Nommés par un jury présidé par le portraitiste et photographe de mode italien Paolo Roversi, les finalistes dans la catégorie photographie de cette 35ème édition du festival d’Hyères offrent un large panel de sujets, de mediums et de techniques. Numéro braque ses projecteurs sur trois d’entre eux.

 

Dustin Thierry ou Amsterdam is burning :

 

Né à Curaçao, aux Antilles, Dustin Thierry déménage à Utrecht (Pays-Bas) alors qu’il est encore adolescent. Victime de racisme, il décide donc de mettre en lumière l’histoire coloniale des Pays-Bas. Il s’implique encore davantage dans son travail artistique lorsque son demi-frère met fin à ses jours, harcelé et discriminé du fait de son homosexualité. Ses photographies, prises à l’argentique, mettent en scène la scene ballroom d’Amsterdam. Dustin Thierry dénonce une représentation archaïque du monde et encourage la libre acceptation de soi. Il en tire une puissante série de portraits, des performeurs dans leurs tenues extravagantes.

Kata Geibl

Kata Geibl questionne notre rapport au monde :

 

Née en 1989 à Budapest, Kata Geibl injecte, dans ses photographies, les différentes problématiques liées au capitalisme et à la mémoire collective. Sa série Sisyphe attire l’attention du monde entier : elle est exposée à la foire internationale Unseen Amsterdam en 2018, reçoit le prix Carte Blanche de Paris Photo et figure parmis les nommés au Palm* Photo Prize la même année. Cette série soit son nom au mythe grec : pour avoir enchaîné le dieu de la mort, Sisyphe est condamné à hisser en haut d'une montagne un rocher, qui dévalerait immédiatement la pente, et ce dans un cycle infini. Récompensée de tous ces prix, Sisyphe présente de nombreux clichés dont des projections terrestres qui interrogent l’ethnocentrisme occidental.
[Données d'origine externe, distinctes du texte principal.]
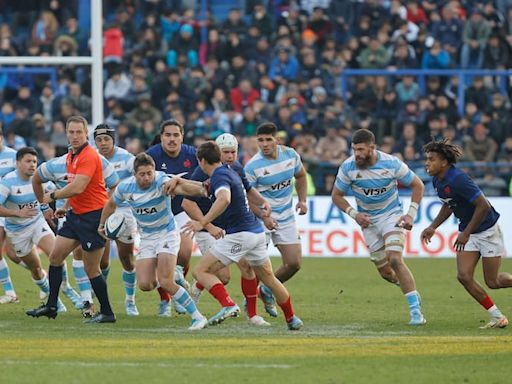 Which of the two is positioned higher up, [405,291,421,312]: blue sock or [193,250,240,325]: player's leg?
[193,250,240,325]: player's leg

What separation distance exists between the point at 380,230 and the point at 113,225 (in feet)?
10.1

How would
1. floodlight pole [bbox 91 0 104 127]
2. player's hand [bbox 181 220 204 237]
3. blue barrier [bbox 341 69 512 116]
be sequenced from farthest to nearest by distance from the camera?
blue barrier [bbox 341 69 512 116] → floodlight pole [bbox 91 0 104 127] → player's hand [bbox 181 220 204 237]

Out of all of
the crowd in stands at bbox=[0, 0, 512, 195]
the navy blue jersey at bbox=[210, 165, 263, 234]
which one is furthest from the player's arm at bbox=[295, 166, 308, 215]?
the crowd in stands at bbox=[0, 0, 512, 195]

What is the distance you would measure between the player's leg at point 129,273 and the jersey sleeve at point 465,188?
158 inches

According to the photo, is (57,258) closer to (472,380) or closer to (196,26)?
(472,380)

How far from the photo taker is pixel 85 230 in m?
14.0

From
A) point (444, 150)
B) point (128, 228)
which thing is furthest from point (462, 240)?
point (128, 228)

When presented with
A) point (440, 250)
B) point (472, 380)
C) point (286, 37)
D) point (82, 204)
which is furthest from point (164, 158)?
point (286, 37)

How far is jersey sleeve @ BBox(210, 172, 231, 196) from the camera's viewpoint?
1277cm

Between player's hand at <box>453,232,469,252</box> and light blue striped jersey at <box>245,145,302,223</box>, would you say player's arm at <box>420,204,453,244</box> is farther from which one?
light blue striped jersey at <box>245,145,302,223</box>

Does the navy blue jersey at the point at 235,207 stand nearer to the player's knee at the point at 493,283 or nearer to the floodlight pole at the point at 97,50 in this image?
the player's knee at the point at 493,283

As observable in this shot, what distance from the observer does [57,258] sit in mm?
14164

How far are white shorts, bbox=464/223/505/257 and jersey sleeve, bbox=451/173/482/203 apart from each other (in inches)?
17.6

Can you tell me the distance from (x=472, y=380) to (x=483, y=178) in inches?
664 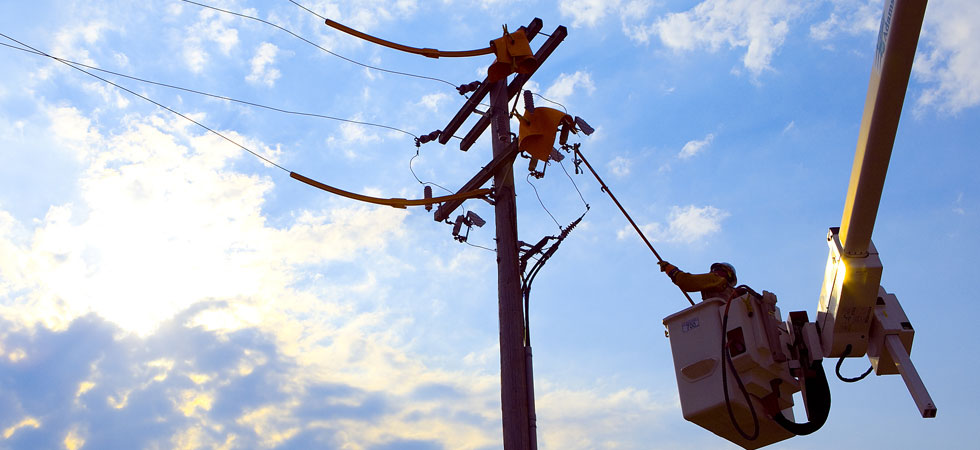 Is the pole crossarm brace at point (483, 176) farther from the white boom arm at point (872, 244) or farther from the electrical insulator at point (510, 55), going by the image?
the white boom arm at point (872, 244)

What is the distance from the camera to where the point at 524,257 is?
28.6 feet

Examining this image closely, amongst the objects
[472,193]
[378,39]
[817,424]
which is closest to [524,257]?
[472,193]

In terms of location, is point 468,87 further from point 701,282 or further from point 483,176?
point 701,282

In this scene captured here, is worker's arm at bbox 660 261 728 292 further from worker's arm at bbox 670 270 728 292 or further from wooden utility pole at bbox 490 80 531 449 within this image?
wooden utility pole at bbox 490 80 531 449

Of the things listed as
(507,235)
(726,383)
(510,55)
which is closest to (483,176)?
(507,235)

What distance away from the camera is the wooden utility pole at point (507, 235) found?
752cm

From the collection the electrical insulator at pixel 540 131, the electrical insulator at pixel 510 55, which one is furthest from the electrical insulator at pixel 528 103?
the electrical insulator at pixel 510 55

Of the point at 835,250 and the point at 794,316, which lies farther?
the point at 794,316

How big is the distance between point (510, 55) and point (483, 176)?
5.09 ft

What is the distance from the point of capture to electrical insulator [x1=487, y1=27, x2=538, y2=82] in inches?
318

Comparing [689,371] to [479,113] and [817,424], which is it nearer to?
[817,424]

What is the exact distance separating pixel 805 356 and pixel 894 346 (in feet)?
2.13

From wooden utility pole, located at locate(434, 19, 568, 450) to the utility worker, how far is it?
183 centimetres

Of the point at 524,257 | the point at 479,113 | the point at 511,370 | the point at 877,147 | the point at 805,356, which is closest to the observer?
the point at 877,147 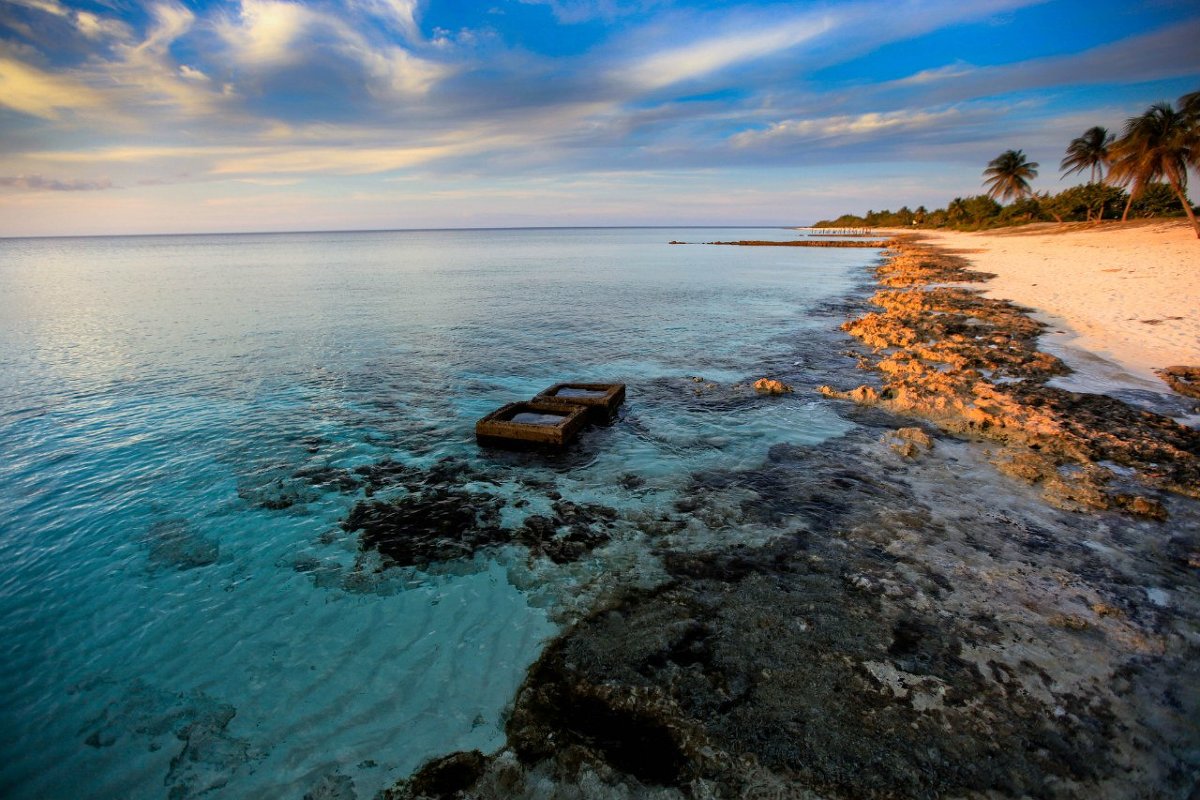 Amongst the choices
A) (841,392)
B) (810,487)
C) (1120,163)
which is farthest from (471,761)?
(1120,163)

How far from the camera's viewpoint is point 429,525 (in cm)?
900

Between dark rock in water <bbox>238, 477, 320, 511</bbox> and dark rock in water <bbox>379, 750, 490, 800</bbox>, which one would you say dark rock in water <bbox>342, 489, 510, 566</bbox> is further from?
dark rock in water <bbox>379, 750, 490, 800</bbox>

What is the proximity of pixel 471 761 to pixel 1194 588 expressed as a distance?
945 cm

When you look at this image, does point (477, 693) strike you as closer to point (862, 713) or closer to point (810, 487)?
point (862, 713)

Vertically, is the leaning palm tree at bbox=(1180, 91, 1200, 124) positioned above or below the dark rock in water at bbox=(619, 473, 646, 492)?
above

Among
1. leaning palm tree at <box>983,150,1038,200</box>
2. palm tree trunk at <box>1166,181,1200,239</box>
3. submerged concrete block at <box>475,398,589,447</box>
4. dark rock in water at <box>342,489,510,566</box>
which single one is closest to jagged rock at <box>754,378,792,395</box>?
submerged concrete block at <box>475,398,589,447</box>

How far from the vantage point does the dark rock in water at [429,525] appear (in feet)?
27.2

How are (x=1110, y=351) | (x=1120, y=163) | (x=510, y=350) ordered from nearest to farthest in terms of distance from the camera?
(x=1110, y=351)
(x=510, y=350)
(x=1120, y=163)

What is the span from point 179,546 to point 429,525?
4.01 metres

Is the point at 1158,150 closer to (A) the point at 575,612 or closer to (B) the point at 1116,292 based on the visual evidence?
(B) the point at 1116,292

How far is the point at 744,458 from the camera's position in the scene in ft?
37.7

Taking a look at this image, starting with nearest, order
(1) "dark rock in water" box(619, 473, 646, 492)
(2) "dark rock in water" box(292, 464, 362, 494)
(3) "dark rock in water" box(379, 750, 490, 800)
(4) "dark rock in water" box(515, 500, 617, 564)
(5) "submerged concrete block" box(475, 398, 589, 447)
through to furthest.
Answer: (3) "dark rock in water" box(379, 750, 490, 800) < (4) "dark rock in water" box(515, 500, 617, 564) < (1) "dark rock in water" box(619, 473, 646, 492) < (2) "dark rock in water" box(292, 464, 362, 494) < (5) "submerged concrete block" box(475, 398, 589, 447)

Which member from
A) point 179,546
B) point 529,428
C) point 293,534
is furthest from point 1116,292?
point 179,546

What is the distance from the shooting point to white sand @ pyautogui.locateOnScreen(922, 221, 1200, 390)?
18078 mm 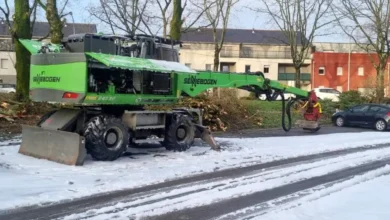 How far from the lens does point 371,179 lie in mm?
10320

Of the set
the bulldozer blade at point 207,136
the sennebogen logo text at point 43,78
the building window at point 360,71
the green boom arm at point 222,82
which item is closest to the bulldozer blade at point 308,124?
the green boom arm at point 222,82

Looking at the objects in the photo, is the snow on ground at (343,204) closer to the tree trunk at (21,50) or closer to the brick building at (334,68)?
the tree trunk at (21,50)

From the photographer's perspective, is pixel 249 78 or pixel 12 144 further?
pixel 249 78

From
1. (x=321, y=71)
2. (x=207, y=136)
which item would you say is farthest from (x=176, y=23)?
(x=321, y=71)

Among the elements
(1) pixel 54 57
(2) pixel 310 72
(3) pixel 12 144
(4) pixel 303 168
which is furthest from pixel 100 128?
(2) pixel 310 72

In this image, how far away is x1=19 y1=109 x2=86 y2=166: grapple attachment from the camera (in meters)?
10.8

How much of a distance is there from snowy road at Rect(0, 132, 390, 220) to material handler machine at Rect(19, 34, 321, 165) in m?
0.44

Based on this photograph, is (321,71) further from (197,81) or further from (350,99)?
(197,81)

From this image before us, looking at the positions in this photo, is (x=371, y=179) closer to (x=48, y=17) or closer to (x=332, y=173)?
(x=332, y=173)

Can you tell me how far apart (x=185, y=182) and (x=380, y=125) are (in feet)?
61.7

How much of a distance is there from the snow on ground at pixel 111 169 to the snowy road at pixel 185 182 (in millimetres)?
16

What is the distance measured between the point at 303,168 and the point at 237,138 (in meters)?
6.61

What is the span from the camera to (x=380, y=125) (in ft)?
83.8

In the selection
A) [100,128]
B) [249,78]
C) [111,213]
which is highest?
[249,78] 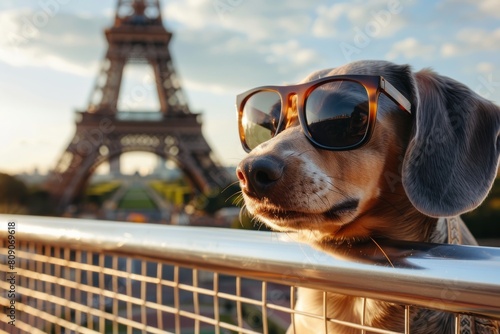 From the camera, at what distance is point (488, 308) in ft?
2.88

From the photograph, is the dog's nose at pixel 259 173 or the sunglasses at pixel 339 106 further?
the sunglasses at pixel 339 106

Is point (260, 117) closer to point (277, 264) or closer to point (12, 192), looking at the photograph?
point (277, 264)

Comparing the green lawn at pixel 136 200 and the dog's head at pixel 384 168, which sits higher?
the dog's head at pixel 384 168

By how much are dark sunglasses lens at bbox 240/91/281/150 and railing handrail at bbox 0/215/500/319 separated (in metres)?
0.44

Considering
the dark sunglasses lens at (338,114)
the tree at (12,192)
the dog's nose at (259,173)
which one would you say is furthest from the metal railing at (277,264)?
the tree at (12,192)

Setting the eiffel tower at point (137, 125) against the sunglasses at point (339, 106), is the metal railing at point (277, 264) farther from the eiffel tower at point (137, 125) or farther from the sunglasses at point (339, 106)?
the eiffel tower at point (137, 125)

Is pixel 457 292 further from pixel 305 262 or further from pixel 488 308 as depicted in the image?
pixel 305 262

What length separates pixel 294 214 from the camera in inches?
55.7

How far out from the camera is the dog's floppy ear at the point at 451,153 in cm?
138

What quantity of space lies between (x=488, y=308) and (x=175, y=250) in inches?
30.0

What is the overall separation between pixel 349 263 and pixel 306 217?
0.37 m

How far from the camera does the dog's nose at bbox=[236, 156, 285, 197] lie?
135 cm

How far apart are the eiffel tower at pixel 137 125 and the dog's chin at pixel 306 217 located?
2455 cm

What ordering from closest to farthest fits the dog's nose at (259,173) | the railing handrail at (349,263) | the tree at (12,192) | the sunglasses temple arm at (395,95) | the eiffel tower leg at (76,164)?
the railing handrail at (349,263), the dog's nose at (259,173), the sunglasses temple arm at (395,95), the eiffel tower leg at (76,164), the tree at (12,192) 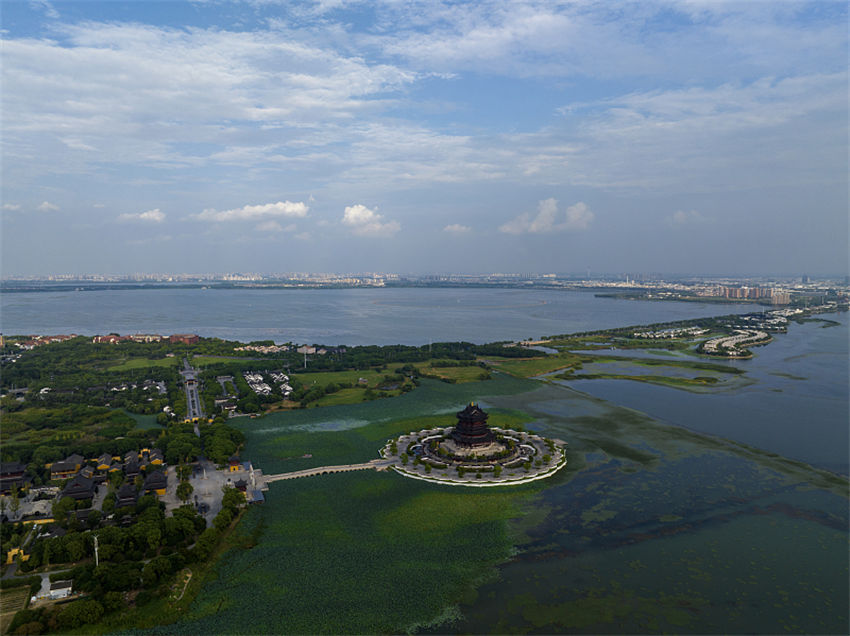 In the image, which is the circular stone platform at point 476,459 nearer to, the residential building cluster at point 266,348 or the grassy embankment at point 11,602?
the grassy embankment at point 11,602

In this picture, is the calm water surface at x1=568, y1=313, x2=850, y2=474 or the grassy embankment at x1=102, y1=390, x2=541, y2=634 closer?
the grassy embankment at x1=102, y1=390, x2=541, y2=634

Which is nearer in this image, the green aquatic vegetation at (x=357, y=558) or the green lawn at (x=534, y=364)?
the green aquatic vegetation at (x=357, y=558)

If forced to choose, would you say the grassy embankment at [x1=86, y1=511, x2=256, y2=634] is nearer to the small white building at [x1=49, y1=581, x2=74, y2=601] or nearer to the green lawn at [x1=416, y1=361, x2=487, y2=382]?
the small white building at [x1=49, y1=581, x2=74, y2=601]

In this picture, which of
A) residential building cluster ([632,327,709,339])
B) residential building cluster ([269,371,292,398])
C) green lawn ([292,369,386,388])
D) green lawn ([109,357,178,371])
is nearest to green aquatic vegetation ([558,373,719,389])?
green lawn ([292,369,386,388])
Photo clé de cette série: ces mains d’hommes blancs, posées sur un globe lumineux, comme l’allégorie suprême du capitalisme : “J'ai construit un laboratoire imaginaire, explique-t-elle, c'est au lecteur de décider où se situe la frontière entre la fiction et la réalité”. 

Alina Frieske

Alina Frieske, la photographe-peintre :

 

Éudiante en Master Photographie à l’Écal de Lausanne, Alina Frieske est également displômée d’une licence en Communication Visuelle de la Fine Art Academy de Maastricht. Pour le festival d'Hyères, elle présente son projet d’études, Abglanz, ou “pâle reflet” en allemand. La jeune photographe utilise des fragments d’images tirées des réseaux sociaux pour créer des collages aux allures de peintures. Elle recrée ainsi des portraits picturaux de jeunes femmes décomposées en de multiples morceaux, comme autant d'images diffusées sur les réseaux sociaux. Alina Friske interroge ainsi le sens de ces photographies intimes, présentées hors contexte, pour mettre en cause la valeur et l’accès de ces informations visuelles, disponibles à tous.